A federal public defender, a retired judge who is the chair of the state’s Sentencing Commission, a veterans’ legal rights attorney and a former state prosecutor who is now a criminal and civil defense attorney are the finalists vying to become Connecticut’s first Inspector General investigating fatal police use of force incidents and in-custody deaths.
Austin Ryan McGuigan, a former state prosecutor in New Britain and Stamford who now represents criminal and civil clients, Trial Referee Judge Robert Devlin, who is the chair of the Sentencing Commission, federal public defense attorney Moira Buckley and Connecticut Veterans Legal Center Executive Director Liam Brennan will be publically interviewed by the state’s Criminal Justice Commission on Sept. 27.
The four were chosen by the Criminal Justice Commission Sept. 9 after an extensive application period.
“We were pleased with the depth and breadth of the applications we received,” said Criminal Justice Commission Chair Associate state Supreme Court Justice Andrew McDonald. “We were happy that it was sufficiently robust that it yielded four incredibly well qualified candidates.”
The Division of Criminal Justice declined to provide the number of people who applied for the job.

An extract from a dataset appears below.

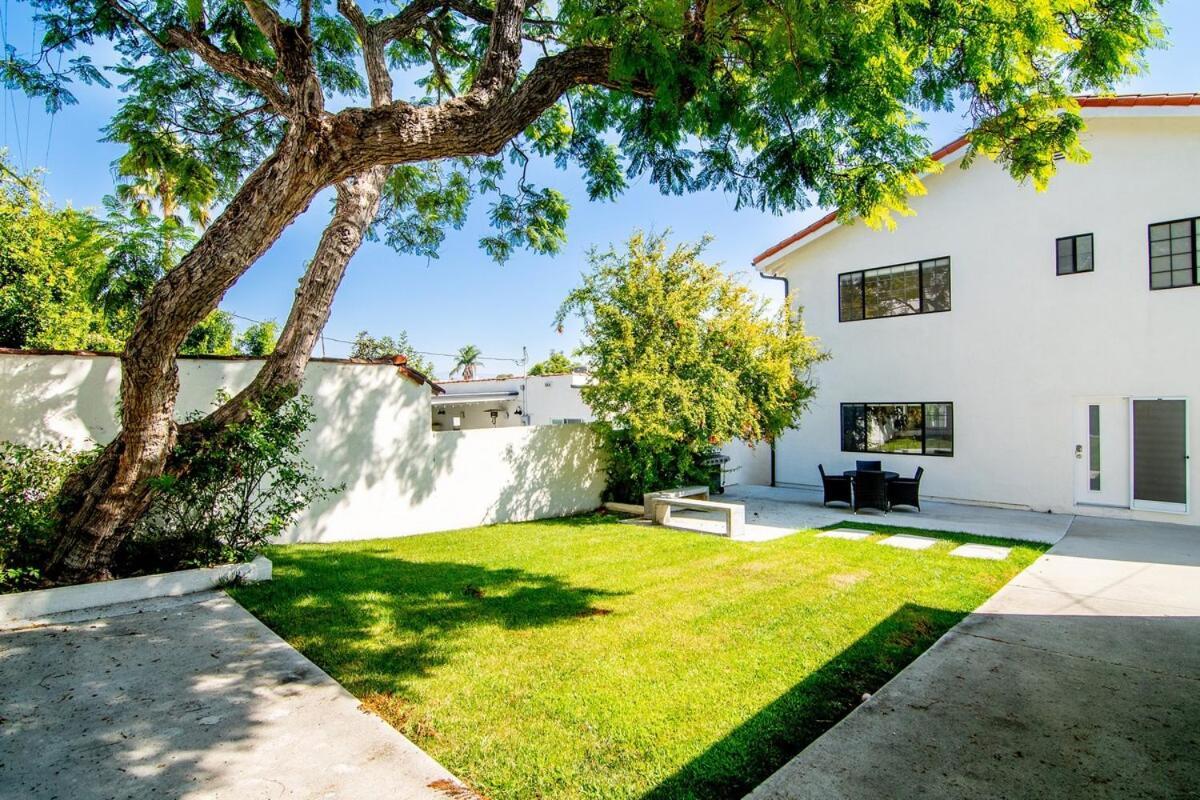 Beautiful 6br Family 2-story With Large Backyard And Outdoor Kitchen Villa *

McGuigan now runs his own firm, Rome McGuigan, P.C. He has extensive criminal and civil trial experience, according to the firm’s website. Devlin, a former federal prosecutor, served as the judicial branch’s Chief Administrative Judge for Criminal Matters during his tenure as a Superior Court Judge and also served on the state’s Appellate Court until he retired in 2020 and became a judge trial referee.
Buckley was in private practice as a partner at Shipman & Goodwin, LLP, prior to becoming an assistant federal defender. Brennan worked for the U.S. Department of Justice as an assistant U.S. Attorney investigating fraud, including helping send former Gov. John G. Rowland to jail a second time. He is a visiting lecturer at Yale University, according to the Connecticut Veterans Legal Rights Center.
The public will be allowed to provide input after the candidates have been interviewed during a special meeting of the Criminal Justice Commission on Sept.27. The commission will then go into executive session to make the choice, McDonald said.
It’s been a year-long process to fill a position that advocates say is critical to providing independent investigations into police use of force deaths.
“For more than a year we’ve been asking that the pool of candidates be expanded to include more than those currently employed at the state’s Division of Criminal Justice, and it’s encourage that it seems to be the case,” said Claudine Fox, public policy and advocate director for the American Civil Liberties Union Connecticut Chapter. “However it remains to be seen if the person picked for this role will be committed to valuing Black lives by holding police accountable for violence.”
Members of the CT ACLU have called for several years for independent investigations of deadly use of police force. The investigations are currently done by a state’s attorney from a different district than where the deadly event occurred, and the results have overwhelmingly exonerated police. In some cases, the investigations have taken years and the family of the person who died has gone without any formally released information.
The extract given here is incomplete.